A cultura de um povo, de certa forma, molda a sua própria identidade. A
arte, a música, a dança, a literatura, dentre outras manifestações culturais, são
expressões do modo de ser de um povo que, captadas pelo espírito observador dos
artistas e exteriorizadas por eles em suas obras, enriquecem os demais
indivíduos com a beleza estampada em suas criações, ao mesmo tempo que
consolidam o próprio modo de ser da sociedade.
Comemoramos nesses dias a festa do carnaval. É inequivocamente uma
manifestação cultural do brasileiro. Os carros alegóricos, o samba, as
fantasias de rua e, por que não, as marchinhas de salão, expressam o espírito
criativo de entranhável beleza que perdura e se renova há várias gerações.
Mas se, como dizemos, as manifestações culturais são, ou deveriam ser,
genuinamente enriquecedoras para um povo, podem elas também se transformar em
instrumento de desagregação social ou de alienação dos indivíduos que compõem
essa sociedade? E quando e em que medida essa deturpação pode ocorrer?
Quando um artista projeta e constrói a sua obra, tem muitas coisas em
mente. Não é possível fotografar a alma de um gênio da música, da literatura,
da pintura, da escultura etc. Mas a sua genialidade está especialmente em ser a
sua obra exatamente uma expressão do que traz na alma e que se exterioriza para
o bem daqueles que se extasiarão com a sua beleza. É, essencialmente, um agir
de dentro do artista para fora com vistas a edificar os demais. E assim se faz
a verdadeira arte.
Porém, pode suceder que os protagonistas de uma manifestação cultural
qualquer façam um movimento exatamente contrário. Ou seja, apropriam-se de uma
situação para extrair dela um prazer egoísta e centrado em si próprio,
simplesmente usando e abusando dos demais.
Tomemos um exemplo. Numa escola de samba, pode haver pessoas que trajam
uma fantasia, sabendo-se parte de um enredo cujo objetivo é extasiar os demais
com a beleza de toda aquela produção. E então se dá o melhor de si desde a
elaboração da fantasia, o treino e, enfim, a apresentação. Mas haverá, outros
tantos, que pouco se importam com quem quer que seja, desejam brilhar,
encontrar um parceiro com quem poderá obter um prazer sensível sem compromisso
algum, mais passageiro que os efeitos do álcool ou da droga fartamente consumida
nesse contexto.
Ao final de uma noite, ou na quarta-feira de cinzas, podem-se contemplar
esses últimos com os “olhos vermelhos” e, “conclusão, de manhã nossa roupa
espalhada no chão”. Mas, que me permita o Guilherme Arantes ir mais além de sua
conclusão, trarão eles em suas entranhas o grito ensurdecedor de um vazio
interior que precisa ser preenchido por algo. Mais balada? Mais gritaria? Mais
folia?
Mas os verdadeiros construtores de uma cultura autêntica são os
primeiros. Ao extasiar os demais com a beleza de sua arte edificam-se a si
próprios. E neles não há vazio interior. É que a arte é e deve ser a expressão
de suas vidas. Em ambas se busca e se faz o belo com vistas no bem dos demais.

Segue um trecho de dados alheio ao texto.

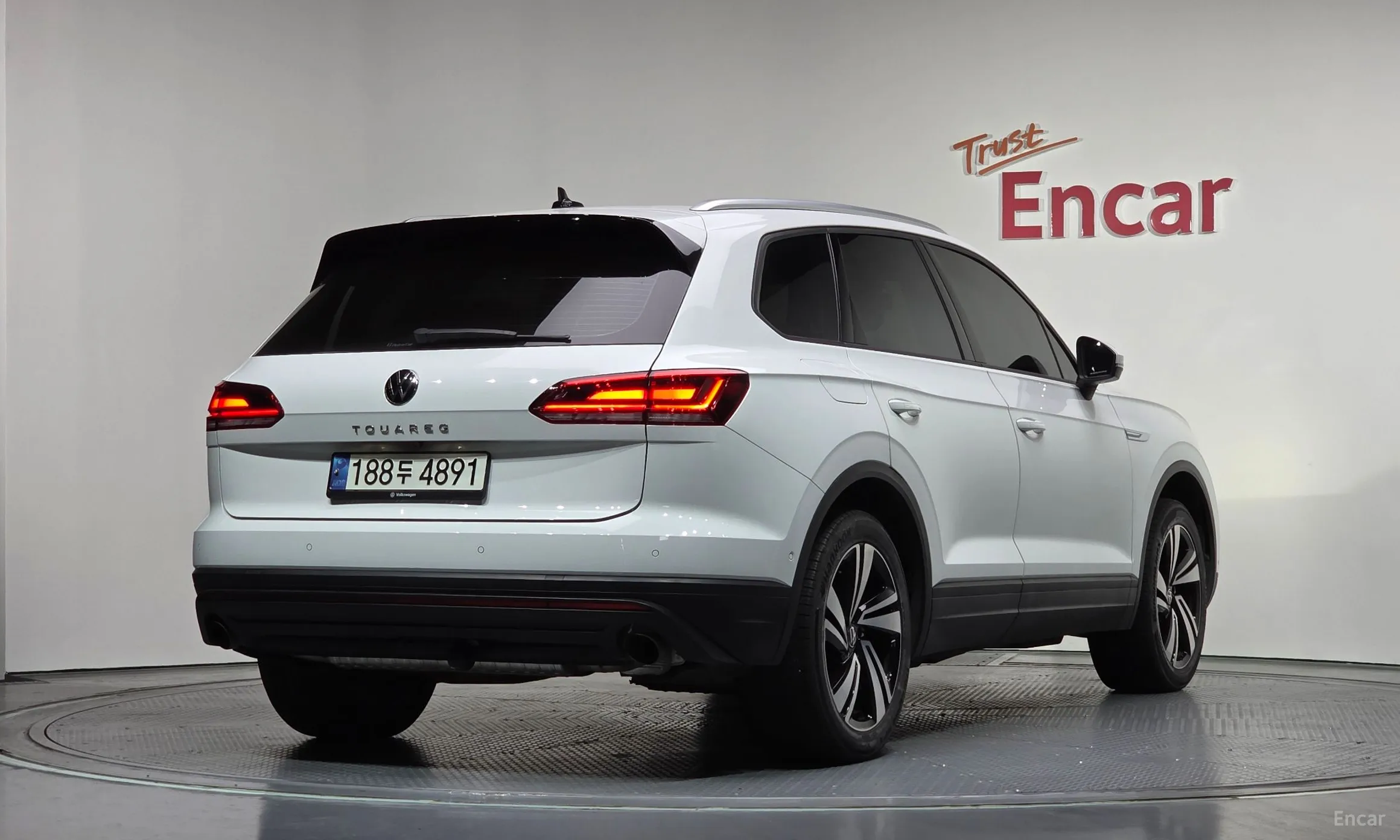 Volkswagen Touareg 3rd Generation превью 2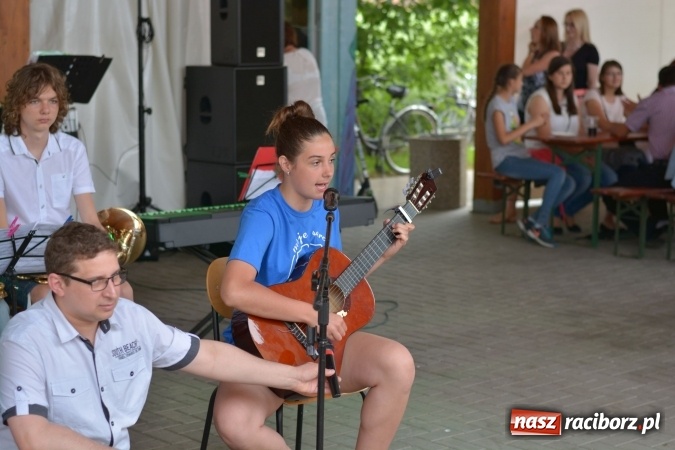 Zdjęcie w galerii na portalu naszraciborz.pl: Familiada i inne atrakcje na festynie rodzinnym w Krzyżanowicach wiadomości z regionu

E para quem vive assim, não falta nada. A água de uma poça fechada em si mesma
apodrece e logo seca. E assim acontece desgraçadamente com a vida dos que
colocam na busca do prazer sensível e egoísta a única razão para as suas vidas.
Já as fontes de águas límpidas, abertas para a vida dos demais, estão sempre a
jorrar e, quanto mais se dão, mais se têm, sempre clara e em abundância. Assim
é a vida dos verdadeiros artistas de ontem e de hoje, que se eternizam em suas
obras legadas por uma alma benfazeja a toda a humanidade.